During my sophomore year of college, I discovered one of the most effective means of wasting time, modular origami. The basis of my earliest pieces of modular origami was something called the “penultimate” module. I'll leave the explanation to Jim Plank, from whose site I learned of modular origami. The main relevant fact for me was that the most natural and basic penultimate module lent itself to the construction of a dodecahedron out of 30 pieces of colorful notepaper. Although it's corny to say, the dodecahedron holds a special place in my heart among geometric solids. My father used to teach his students to make dodecahedra by cutting out and gluing together 12 regular pentagons. I made a lot of those when I was a kid, but I always yearned for a more satisfying construction technique, preferably without the inconvenience of glue that can dry before all of the parts are aligned. The penultimate module did the trick, and variants of it can be used to produce a huge variety of forms, some of which are shown in the pictures below. In fact, everything currently shown except for the gift box is based on a variant of the penultimate module.

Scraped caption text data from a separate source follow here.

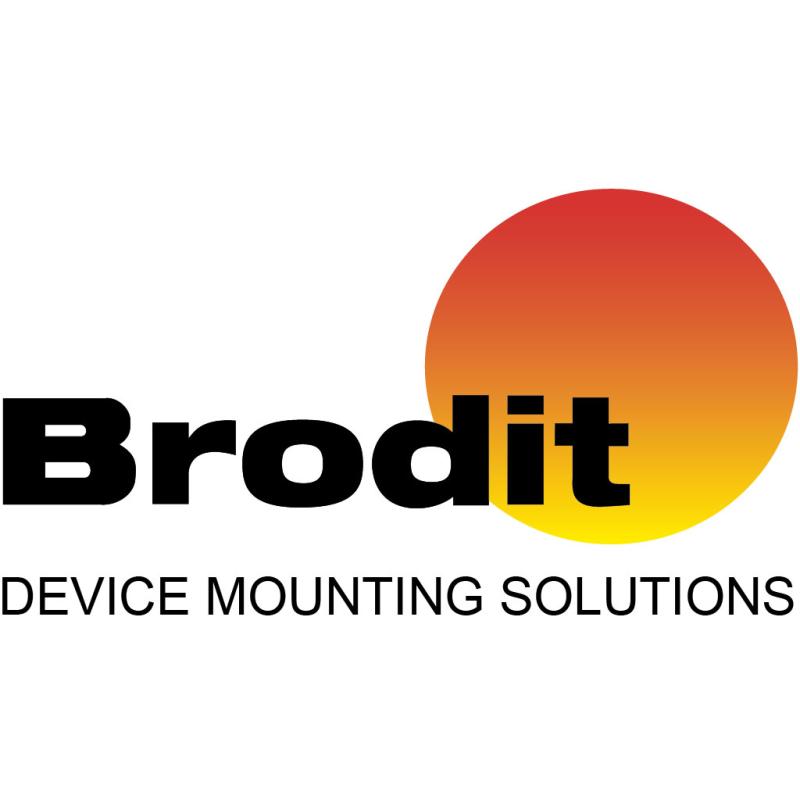 Halterung, inkl.: Tischklemme, 2 x Armhalterung, passive Halterung f&uuml;r 10" ET4x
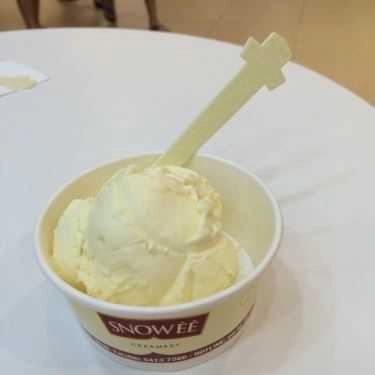 Món ăn- Cafe Snowee Gelato Creamery - AEON Mall Tân Phú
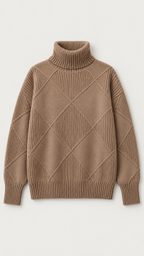 Marcelle Pullover Braun – 06-produto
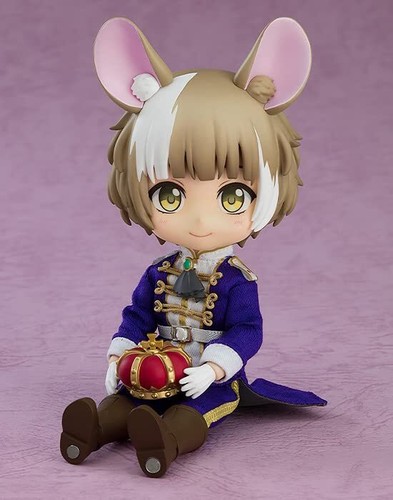 Nendoroid Doll Mouse King Nowa Toy Action Figure + clothes 140mm G12992 Goods - Picture 4 of 6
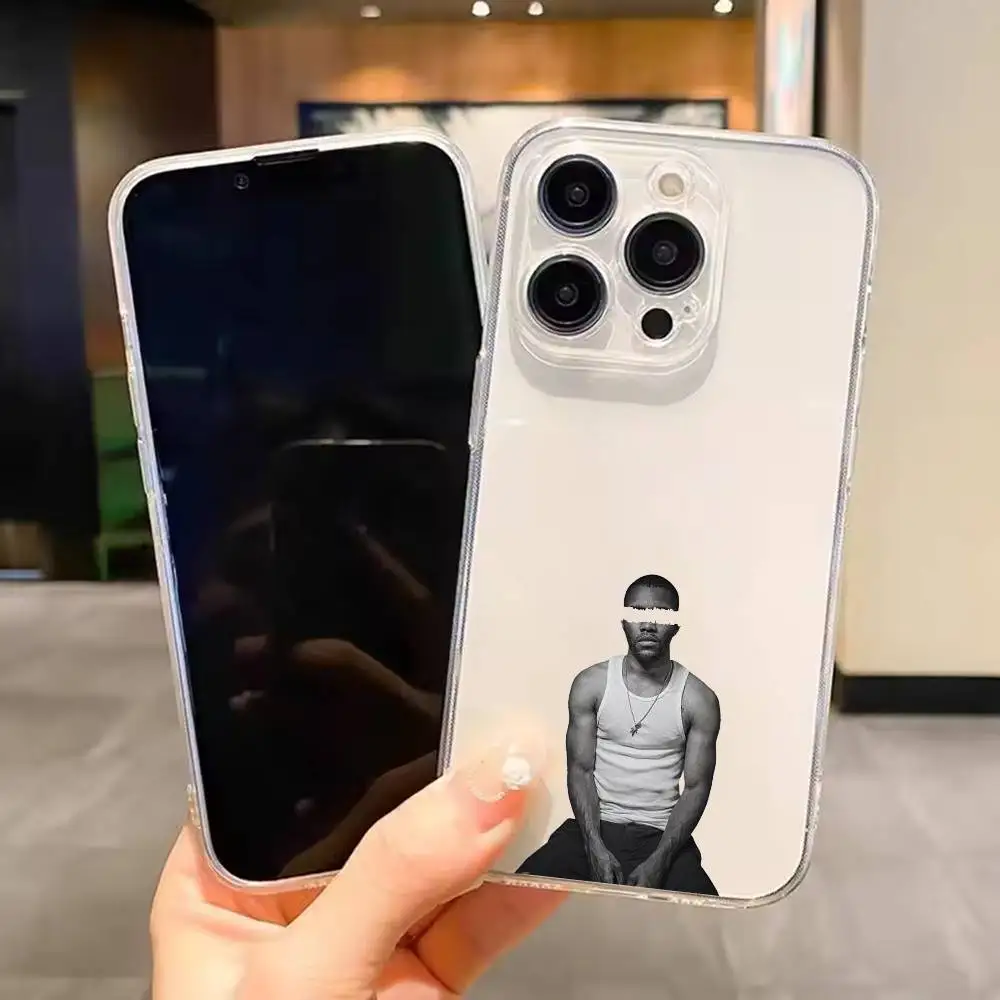 

Frank Ocean Blonde Cool For iPhone 17 16 15 14 13 12 11 Mini Pro Max Plus Transparent Cover Phone Case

Somewhat more recently, I played around a bit with more traditional origami, specializing for a time on the Kawasaki Rose (the blue image in the upper right corner of all of my pages is a manipulated image of one of these). I've been meaning to put up some new images, but that will have to wait until I have some more free time.


Bucky ball

Three rectangular prisms

Stella octangula

Compound of five tetrahedrons

Dodecahedron

Icosahedron

Gift box

Copyright © 1997-2008 Matt Holland.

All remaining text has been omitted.